While that small drama played itself out in Stamford, PARC's first few recruits got to know each other amid rented furniture and vacant offices. In time the administrative divisions Pake established would congeal into battle lines of contentious perspectives and personalities, but that was still far in the future. "We were all intermingled with each other, so it wasn't as if one group was in one part of a building and the systems people were in another part and the computer people were in another part," recalled David Thornburg, who slid in just under the wire of the hiring freeze and arrived for work shortly after New Years Day as employee number twenty-five. "We were a small enough group so everyone knew everyone else."
For a glittering instant it seemed as though PARC might fulfill Pake's dream of a Utopia where physicists and computer scientists communed in quest of a common science. They mixed freely in PARC's small yet somehow all-encompassing world, a place full of possibilities and mysterious conjunctions. Thornburg was still unpacking his things on his very first day when Biegelsen, who on the strength of his three months' tenure already ranked as a seasoned PARC veteran, showed up at his office door.
"I just came to introduce you to your next-door neighbor," Biegelsen said, leading Thornburg into the adjoining warren. "This is George. I thought you guys should get together because you shared a similar research interest in grad school."
Thornburg was perplexed. He understood George to be working on speech recognition and he had come in as a thin-film metallurgist.
"Really?" the neighbor asked. "What did you do your work in?"
That was all the voluble Thornburg needed to set off on a thorough explication
of his doctoral career, not excepting the time he had to change themes in midcourse thanks to the pre-emptive publication of a thesis on the same subject by a guy from Oregon named George White.
"I'm pleased to meet you," his neighbor said, smiling. "I'm George White."

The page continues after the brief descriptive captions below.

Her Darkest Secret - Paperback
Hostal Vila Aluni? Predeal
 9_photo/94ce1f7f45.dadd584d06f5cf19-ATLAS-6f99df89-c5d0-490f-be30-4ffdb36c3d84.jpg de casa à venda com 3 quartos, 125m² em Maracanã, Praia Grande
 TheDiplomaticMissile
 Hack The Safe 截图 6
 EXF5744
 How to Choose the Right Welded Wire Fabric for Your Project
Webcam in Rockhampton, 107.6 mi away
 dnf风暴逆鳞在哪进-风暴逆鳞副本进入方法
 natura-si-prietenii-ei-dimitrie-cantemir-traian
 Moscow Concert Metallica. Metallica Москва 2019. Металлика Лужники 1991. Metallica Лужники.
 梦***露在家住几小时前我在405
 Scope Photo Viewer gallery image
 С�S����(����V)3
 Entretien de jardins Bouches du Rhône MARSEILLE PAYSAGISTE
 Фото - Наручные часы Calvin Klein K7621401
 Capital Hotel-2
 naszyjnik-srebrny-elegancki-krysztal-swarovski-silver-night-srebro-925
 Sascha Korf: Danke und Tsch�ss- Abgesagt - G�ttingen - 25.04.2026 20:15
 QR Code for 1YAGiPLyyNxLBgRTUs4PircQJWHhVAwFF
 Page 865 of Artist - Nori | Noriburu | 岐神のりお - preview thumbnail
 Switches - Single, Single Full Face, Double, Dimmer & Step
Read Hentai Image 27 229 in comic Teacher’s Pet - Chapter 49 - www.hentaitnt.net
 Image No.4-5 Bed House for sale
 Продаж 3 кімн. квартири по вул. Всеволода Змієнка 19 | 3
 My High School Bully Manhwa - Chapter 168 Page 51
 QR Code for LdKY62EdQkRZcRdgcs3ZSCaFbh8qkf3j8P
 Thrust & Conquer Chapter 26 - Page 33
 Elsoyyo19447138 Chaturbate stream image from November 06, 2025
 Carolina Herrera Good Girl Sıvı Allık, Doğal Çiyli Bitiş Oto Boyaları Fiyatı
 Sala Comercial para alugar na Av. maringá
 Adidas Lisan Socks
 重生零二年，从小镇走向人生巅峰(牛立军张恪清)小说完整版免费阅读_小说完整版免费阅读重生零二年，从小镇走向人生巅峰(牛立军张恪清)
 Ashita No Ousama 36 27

What particularly delighted the new staff was the atmosphere of determined informality and lack of pretension. That PARC seemed more like a university department than a corporate research facility was unsurprising, given that most of the staff were being exposed to the non-academic world virtually for the first time in their lives. Since all but two of the principal scientists (John Urbach, an optical expert from Webster, and Lucovsky) were newcomers to Xerox, Pake and Jones took to sending them on field trips to Rochester, Webster, El Segundo, and the Electro-Optical Systems division in Pasadena, just to give them some feeling for the corporate culture. But the center of their existence remained the two buildings on Porter Drive.
"We would get together once a week and just sort of share what was going on in the lab," Thornburg recalled. "It became almost a quasi- social event." PARC was so new that no one had been issued security badges or company identification. With scant equipment of any value on the premises, the building stayed unlocked and hospitable to outsiders. "We were physically adjacent to Stanford University, so there were visitors dropping in and out of the lab all the time. A lot of us even came to feel we were sort of like university instructors who got to spend all our time doing research without having to teach classes. So we operated as though this were an open environment where we were free to share what we were doing with anyone we wanted to."